**What you are asked to do:**
Whatever pictures the entries hold, omit them, and output exactly the lines from the one containing "esto lo podemos" through the final line.
Records for this task START
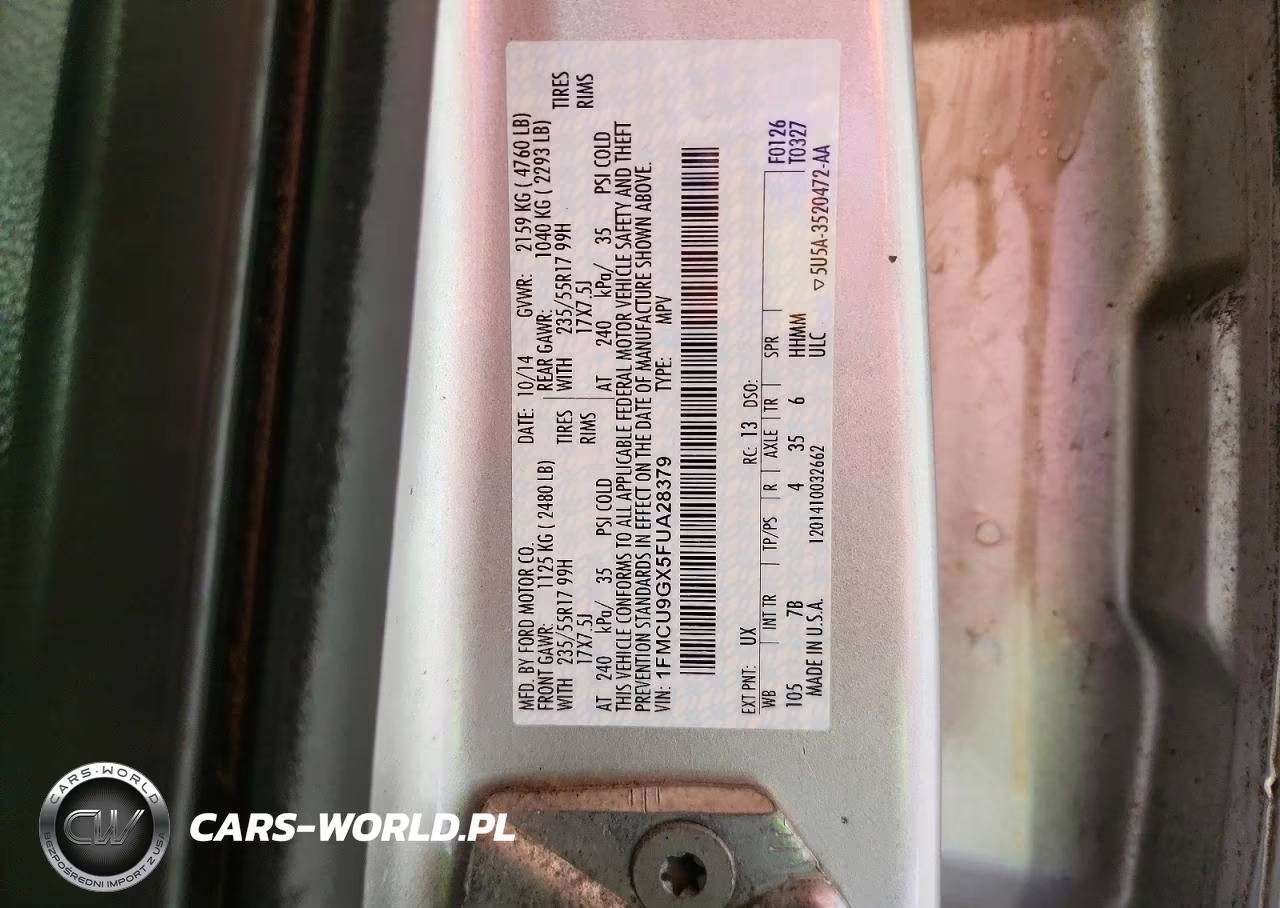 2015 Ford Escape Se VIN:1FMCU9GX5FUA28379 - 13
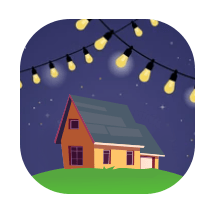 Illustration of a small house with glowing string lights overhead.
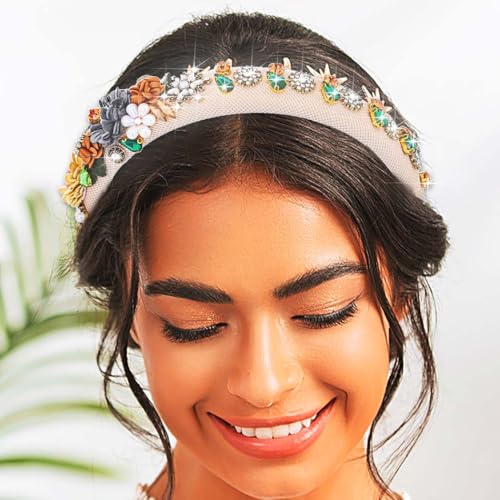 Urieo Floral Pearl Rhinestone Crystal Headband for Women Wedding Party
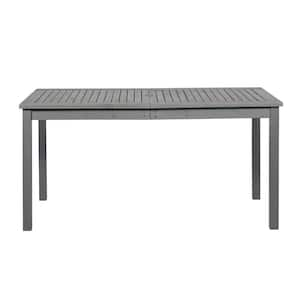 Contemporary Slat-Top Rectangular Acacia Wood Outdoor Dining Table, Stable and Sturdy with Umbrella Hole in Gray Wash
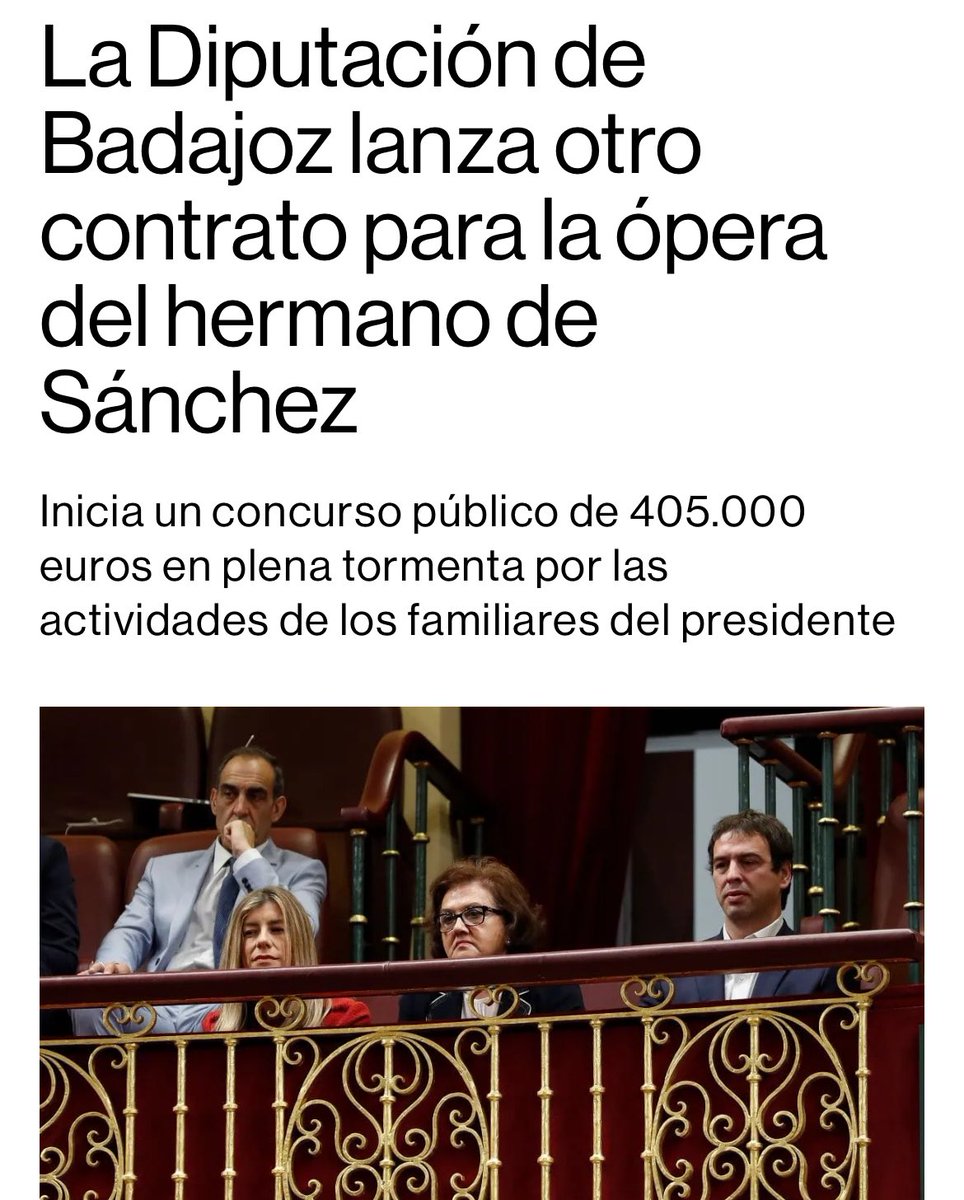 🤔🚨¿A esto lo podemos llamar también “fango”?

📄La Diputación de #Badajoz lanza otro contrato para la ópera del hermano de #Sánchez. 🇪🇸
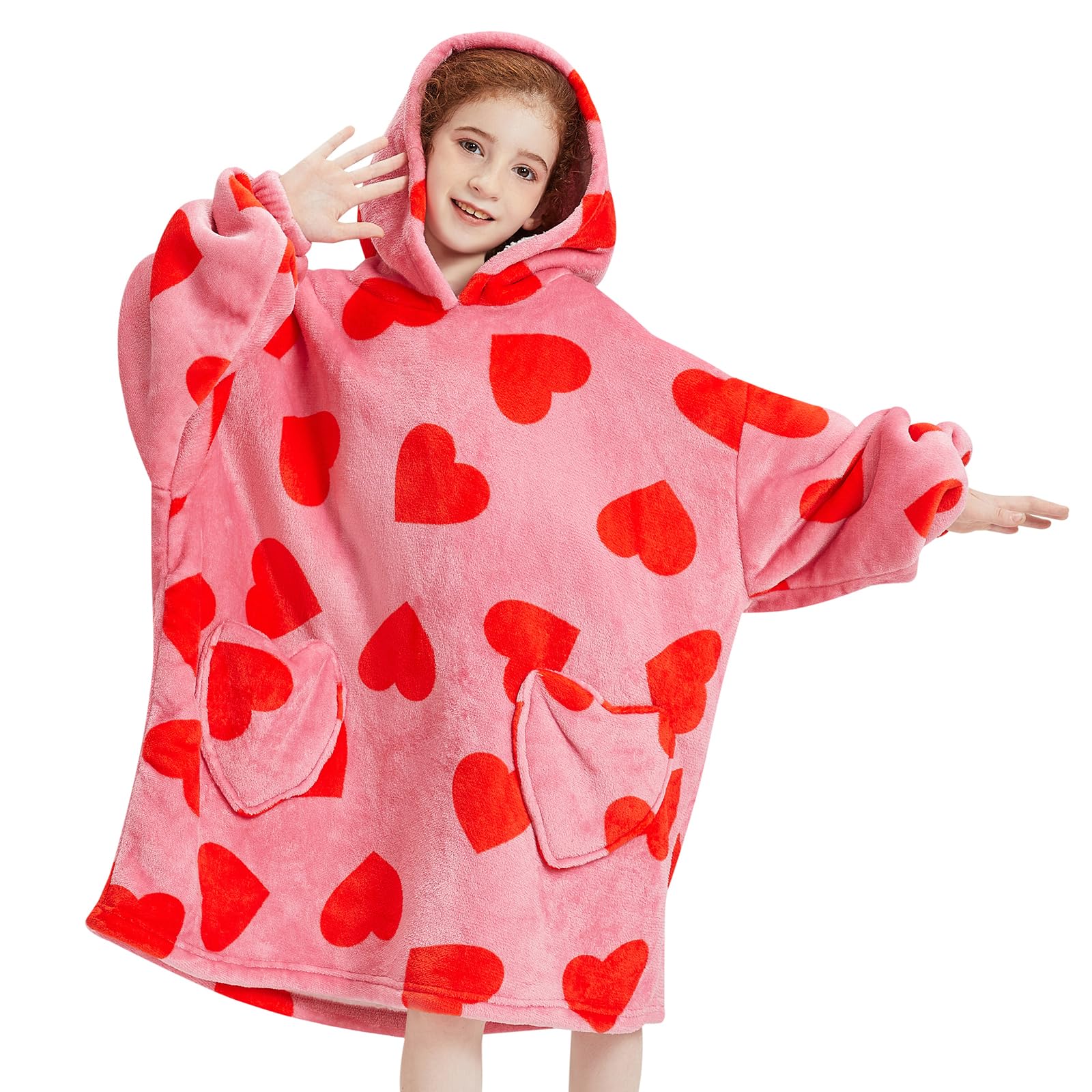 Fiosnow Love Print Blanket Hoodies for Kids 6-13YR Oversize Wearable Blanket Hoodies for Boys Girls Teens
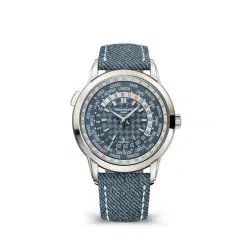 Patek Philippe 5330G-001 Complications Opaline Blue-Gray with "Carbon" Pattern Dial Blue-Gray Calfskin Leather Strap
Records for this task END
**Result of the task:**
 🤔🚨¿A esto lo podemos llamar también “fango”?

📄La Diputación de #Badajoz lanza otro contrato para la ópera del hermano de #Sánchez. 🇪🇸
 Fiosnow Love Print Blanket Hoodies for Kids 6-13YR Oversize Wearable Blanket Hoodies for Boys Girls Teens
 Patek Philippe 5330G-001 Complications Opaline Blue-Gray with "Carbon" Pattern Dial Blue-Gray Calfskin Leather Strap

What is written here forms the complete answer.